There is also no requirement in § 3617 that the defendant-employer here operate the
housing facility at issue to violate the statute. See Farmer v. City of Cincinnati, No. 1:04-CV-
080, 2006 WL 3762131 at *8 (S.D. Ohio Dec. 21, 2006) (Fair Housing Act claims can go
forward against non-housers where they, “though not owners or agents, are in a position directly
to deny a member of a protected group housing rights.” (quoting Babin, 18 F.3d at 344)).
Section 3617 requires only that the plaintiff “encourage” a housing right protected by § 3604 and
face retaliatory “interference” for the encouragement. See Hidden Village, LLC, 734 F.3d at
528–29 (“[Defendant] threatened [plaintiff] because [plaintiff] had encouraged [victim] to
protect himself against discrimination relating to housing. The statute requires no more.”).
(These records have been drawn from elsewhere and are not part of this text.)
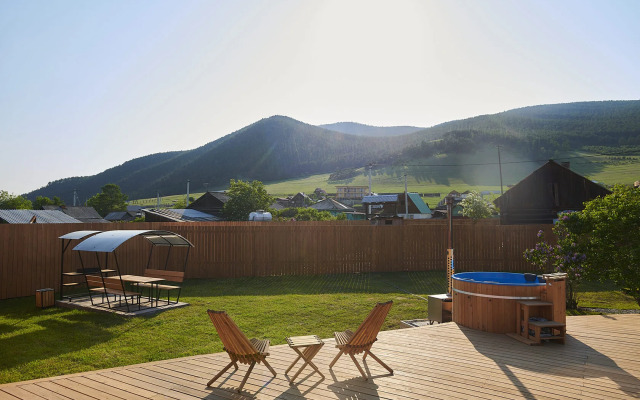 Гостевой дом Роса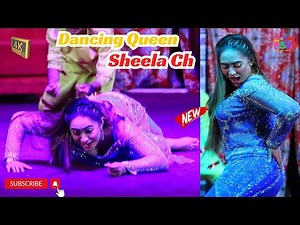Mujra! Sheela Chaudhary (Official Video) | Ve Gujra Mukh Chumni | Hot Mujra Dance | PAK Stage Vibe's
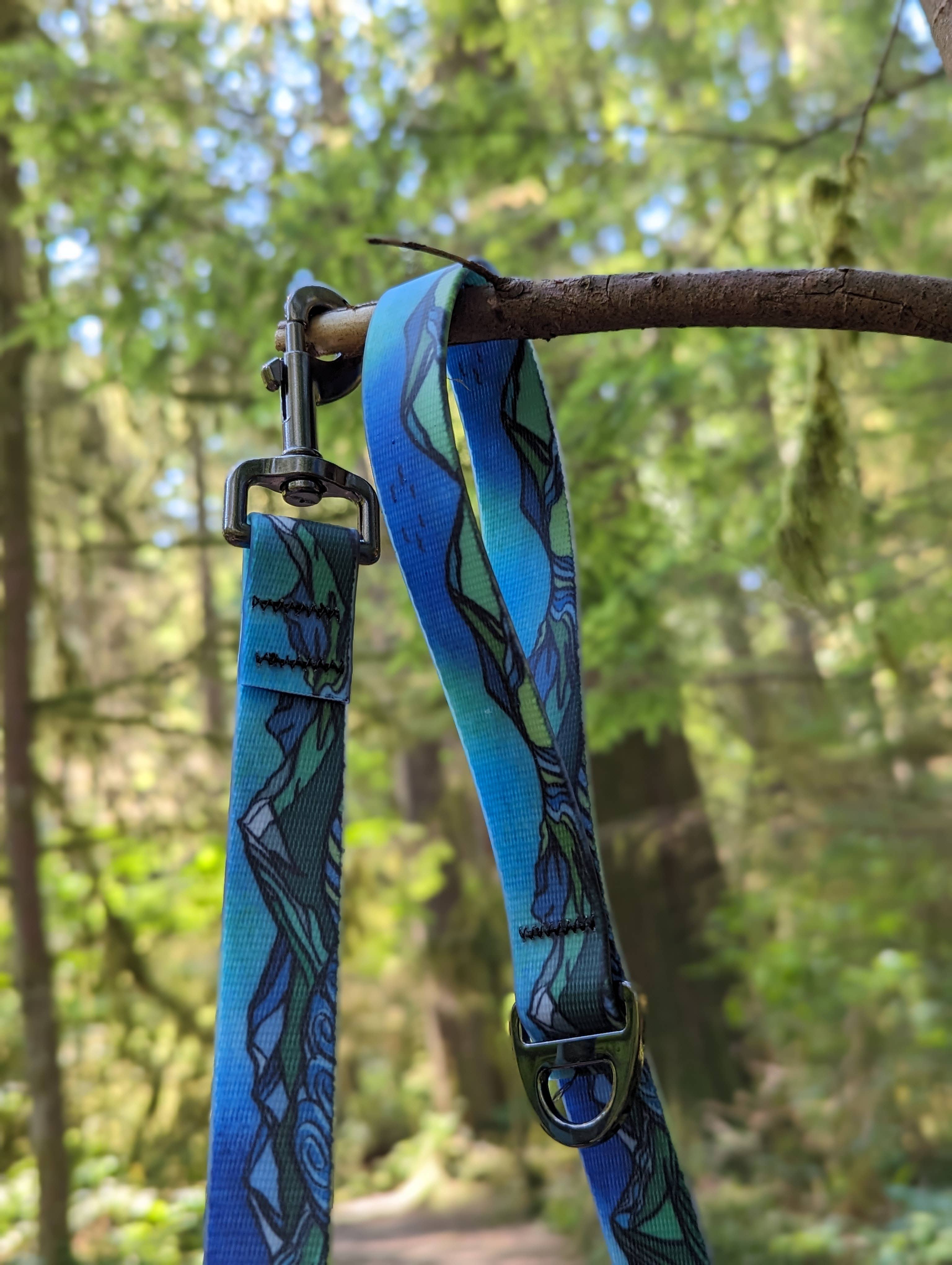 West Coast Waterproof Leash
According to the complaint in the present case, the defendants sought to remove housing
designated for a protected class from the neighborhood. As a non-houser that has allegedly
denied housing rights to women, Western & Southern falls within the scope of the Fair Housing
Act.
Taking the complaint in the light most favorable to the plaintiff, we do not agree with the
district court that the petition-signing did not sufficiently implicate opposition to housing
discrimination. A factfinder could conclude that through the campaign against the shelter,
Western & Southern interfered with housing rights under § 3604, and that Linkletter encouraged
those same rights under § 3617. Accordingly, Linkletter states a plausible claim for relief under
the Fair Housing Act, and her claim should not have been dismissed.
IV. Ohio Civil Rights Act
Linkletter also appeals the district court dismissal of her state claims. O.R.C.
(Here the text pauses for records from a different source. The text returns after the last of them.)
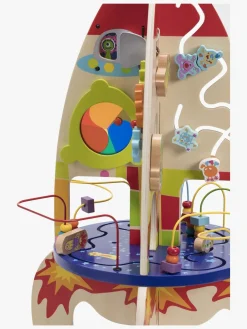 Legetøj Til Børn På 0-10 År|Babylegetøj-ClassicWorld Classic World Aktivitetslegetøj Raket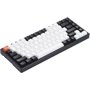 Клавиатура Keychron K2 84 keys, Aluminum Frame Hot-Swap Gateron RGB, Red (K2C1H_KEYCHRON): Тип клавиатуры компактная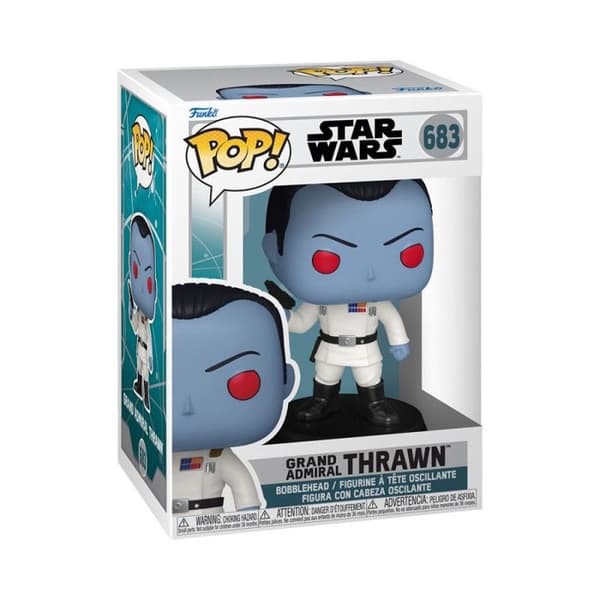 Funko Pop Ash S2 Pop 1 figur
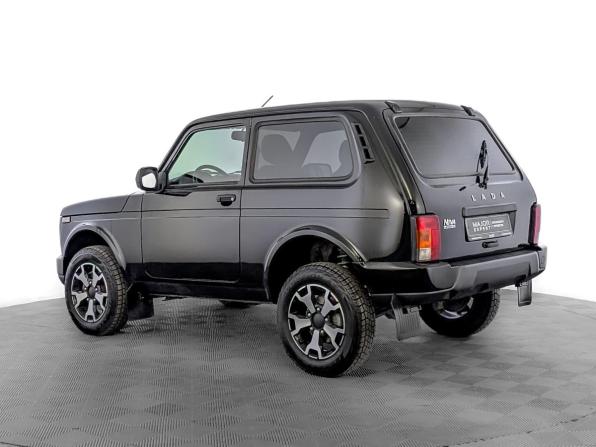 Lada (ВАЗ) Niva Legend с пробегом 2025 года, цена 1 030 000 рублей, 10575 км, внедорожник, Автокод Объявления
§ 4112.02(H)(12); O.R.C. § 4112.02(I). The Ohio Civil Rights Act contains a provision that
mirrors the federal Fair Housing Act, making it unlawful to “[c]oerce, intimidate, threaten, or
interfere with any person . . . on account of that person’s having exercised or enjoyed or having
No. 16-3265 Linkletter v. Western & Southern Fin., et al. Page 11
aided or encouraged any other person in the exercise or enjoyment of, any right granted or
protected by division (H) of this section[.]”3 O.R.C. § 4112.02(H)(12). The statute also contains
a provision that specifically outlaws retaliation for opposition to unlawful discrimination.4
O.R.C. § 4112.02(I). On appeal, neither Linkletter nor the defendants distinguish arguments on
the federal claim from the state claims. In granting the motion to dismiss, the district court cited
Ohio Civil Rights Comm’n v. Harlett for the proposition that “[w]hen interpreting O.R.C.
Chapter 4112, Ohio courts have looked to analogous federal statutes and case law for guidance.”
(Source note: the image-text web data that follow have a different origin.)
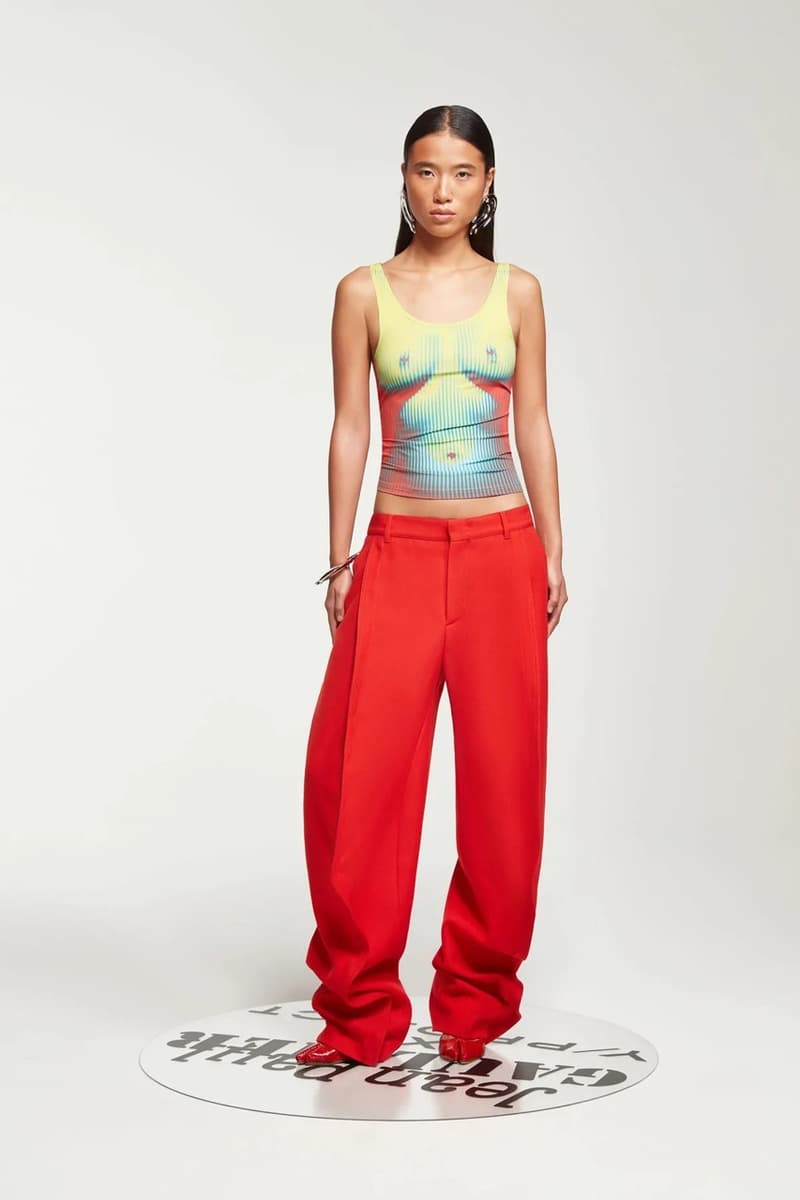 Y/Project x Jean Paul Gaultier 2022 秋季合作系列正式登場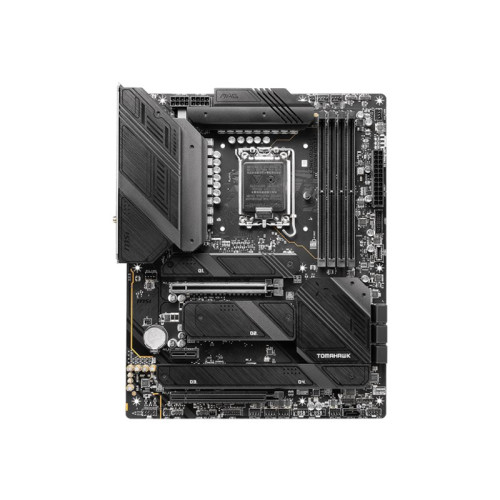 MSI MSI MAG Z790 Tomahawk WIFI - moderkort - ATX - LGA1700-uttag - Z790
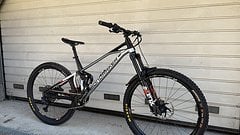 Mondraker Superfoxy R 2021 Large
724 N.E.2d 1242, 1244 (Ohio Ct. App. 1999). Consequently, the dismissal of Linkletter’s state
claims is reversed in accordance with the reversal of her federal Fair Housing Act claim.
The judgment of the district court is REVERSED, and we REMAND the case for
further proceedings.
3
The subsections of division (H) in O.R.C. § 4112.02 generally involve discrimination in the rental or sale
of housing.
4
O.R.C. § 4112.02(I) makes it an unlawful “[f]or any person to discriminate in any manner against any
other person because that person has opposed any unlawful discriminatory practice defined in [§ 4112.02].”